== Segment start ==
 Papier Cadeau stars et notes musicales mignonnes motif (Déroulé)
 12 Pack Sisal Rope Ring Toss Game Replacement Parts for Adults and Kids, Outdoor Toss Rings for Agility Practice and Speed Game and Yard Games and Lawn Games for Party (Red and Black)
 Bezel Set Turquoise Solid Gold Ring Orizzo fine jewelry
== Segment end ==
■ **Exercise requirements**:
Transcribe, without alteration, the line that contains "12 Pack Sisal" together with all lines after it in the listing above.

■ **Your response**:
 12 Pack Sisal Rope Ring Toss Game Replacement Parts for Adults and Kids, Outdoor Toss Rings for Agility Practice and Speed Game and Yard Games and Lawn Games for Party (Red and Black)
 Bezel Set Turquoise Solid Gold Ring Orizzo fine jewelry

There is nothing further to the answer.